Only the pictures stay out; please return all the entries below exactly as written.

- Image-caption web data
....

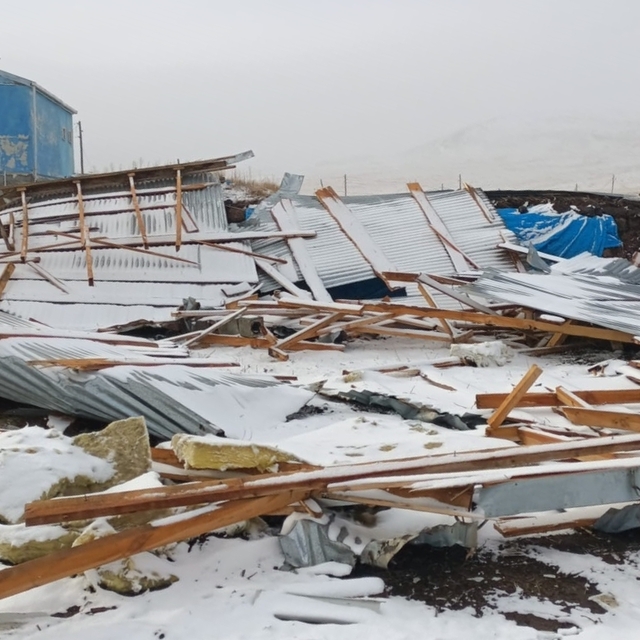Ardahan'da fırtına evlerin çatılarını uçurdu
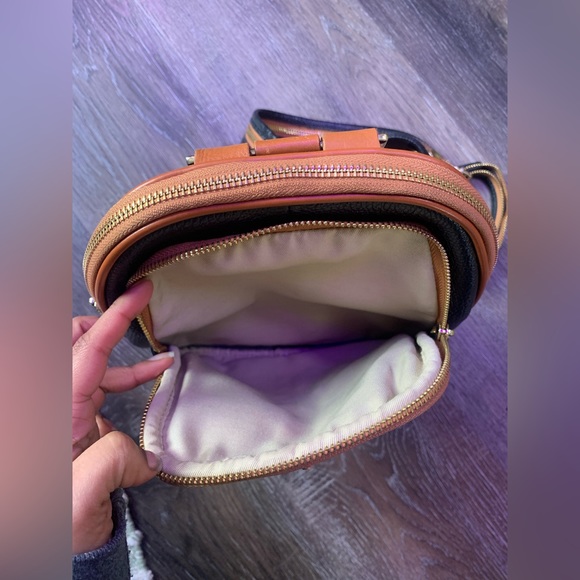 Valentina Convertible 1200 Backpack - Picture 6 of 8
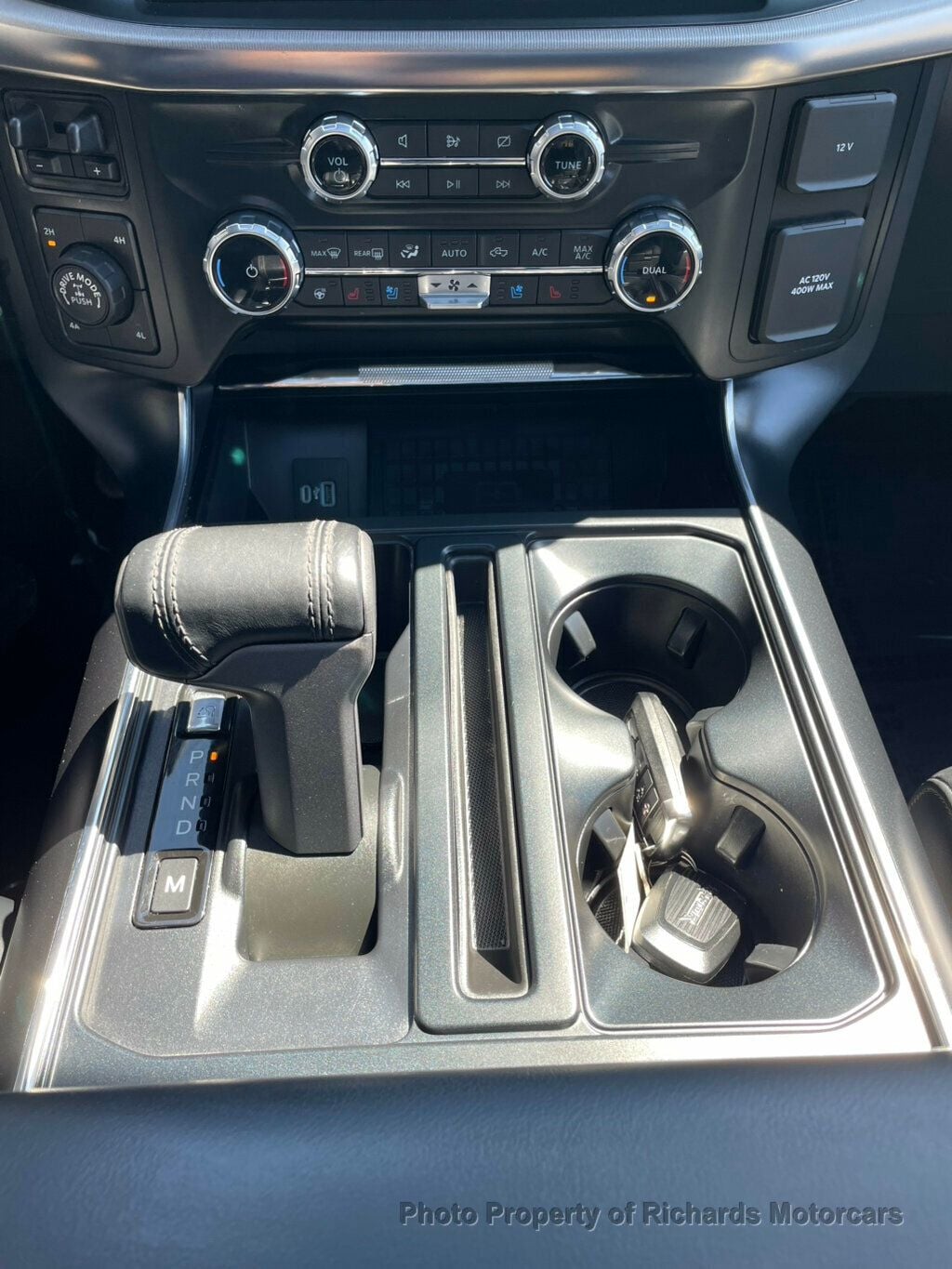 2022 Ford F-150 Raptor 4WD SuperCrew 5.5' Box (C15814) - Image 19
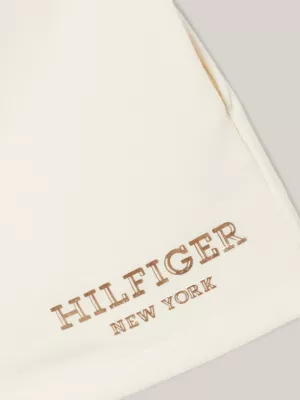 Shorts Hilfiger com Logo Metalizado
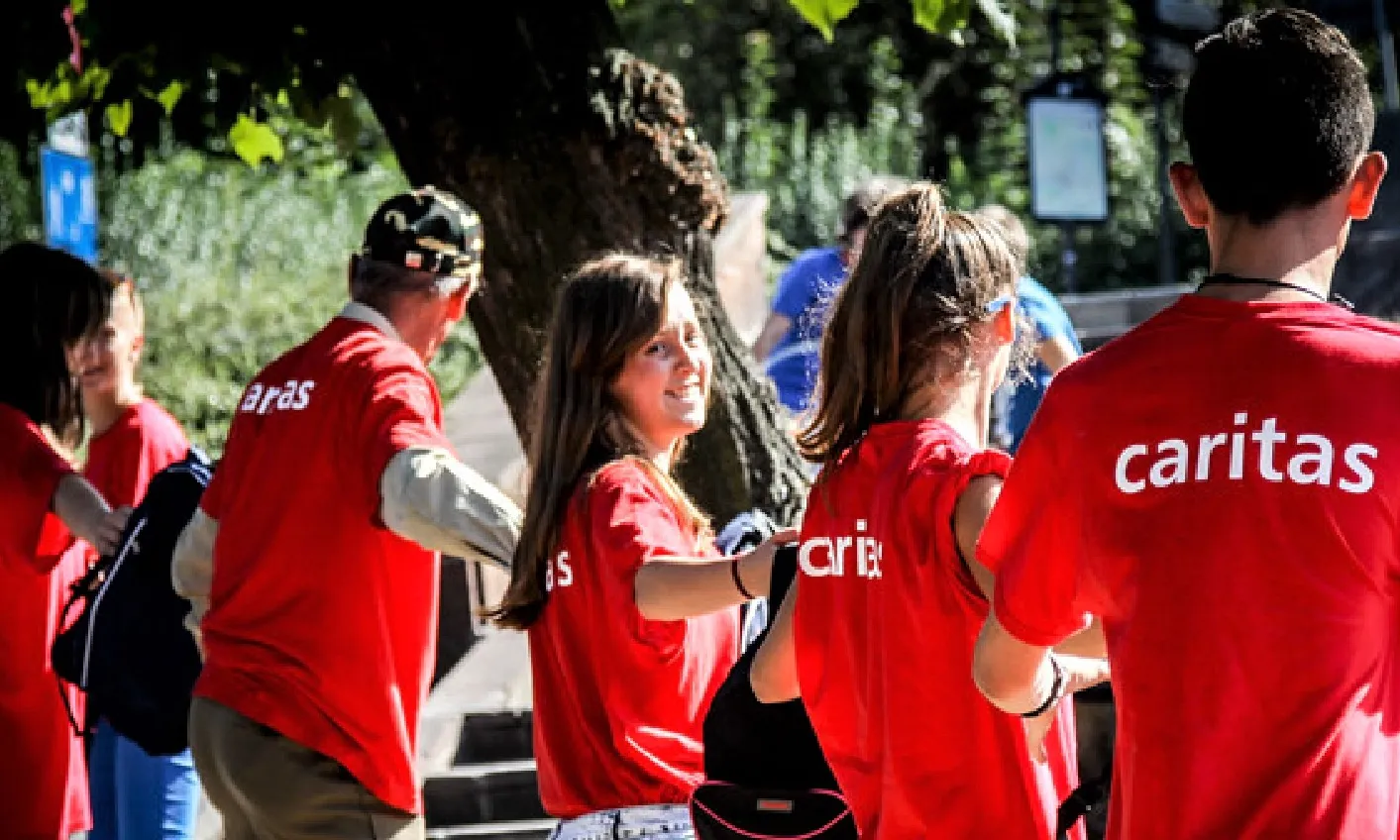 Voluntariat de Càritas en acció
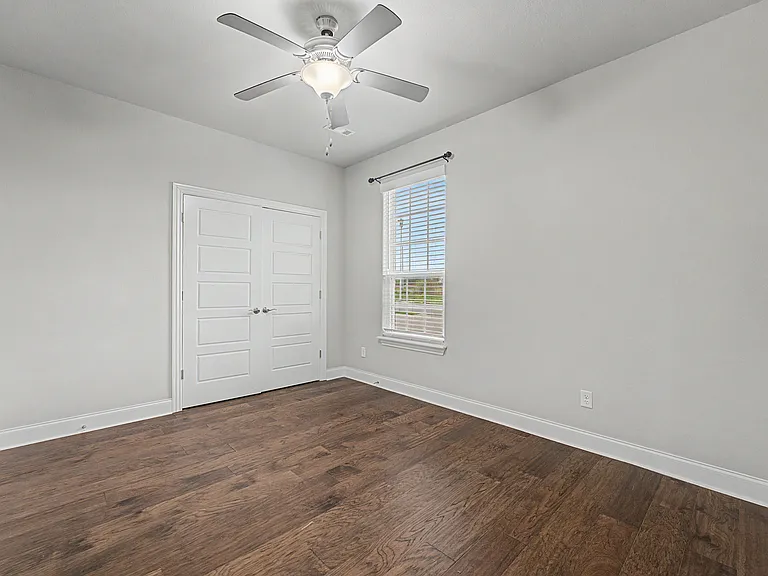 431 Linda Ln — Photo 5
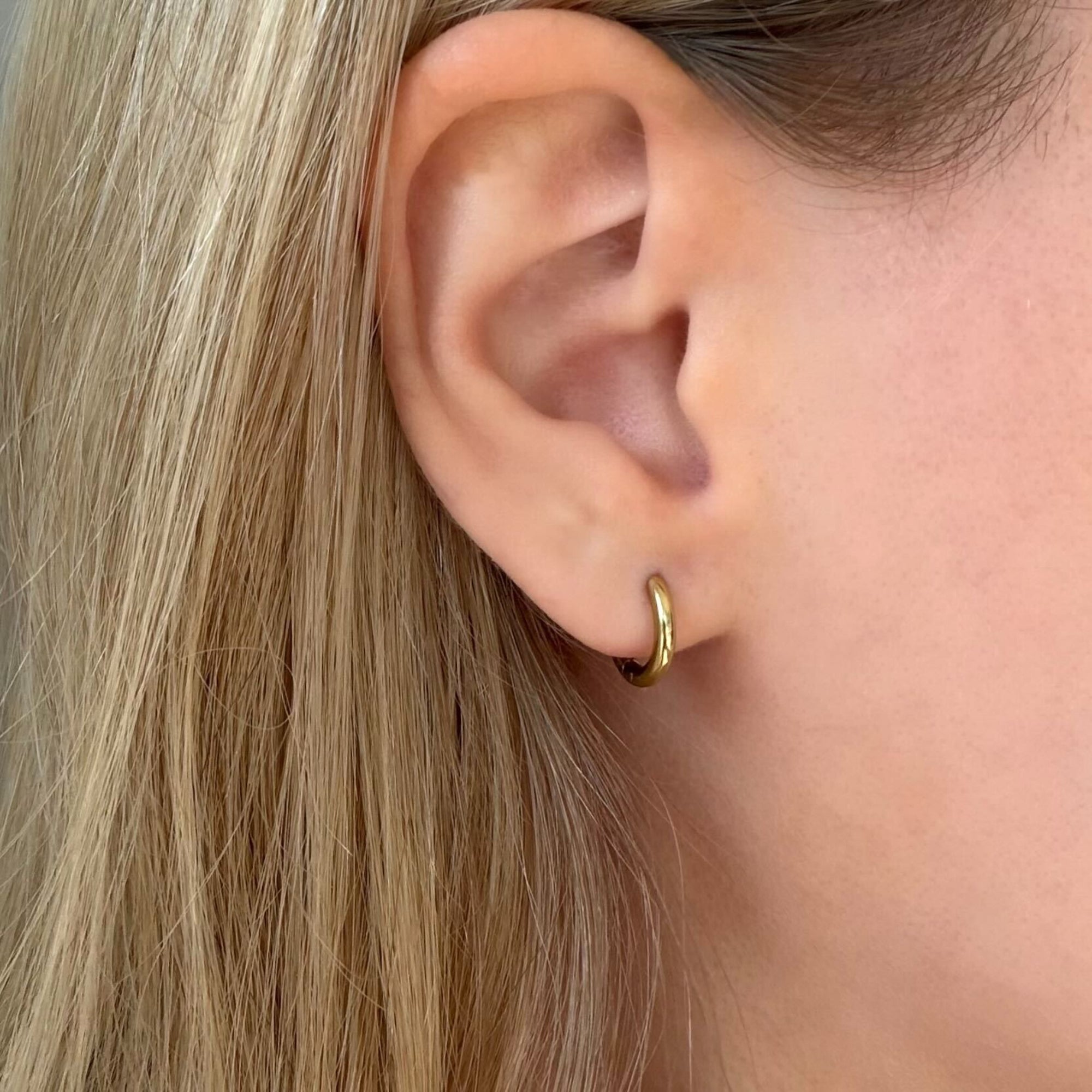 Cutie Thin Hoop Earrings - Vantage Jewelry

....

- Finished task
Ardahan'da fırtına evlerin çatılarını uçurdu
 Valentina Convertible 1200 Backpack - Picture 6 of 8
 2022 Ford F-150 Raptor 4WD SuperCrew 5.5' Box (C15814) - Image 19
 Shorts Hilfiger com Logo Metalizado
 Voluntariat de Càritas en acció
 431 Linda Ln — Photo 5
 Cutie Thin Hoop Earrings - Vantage Jewelry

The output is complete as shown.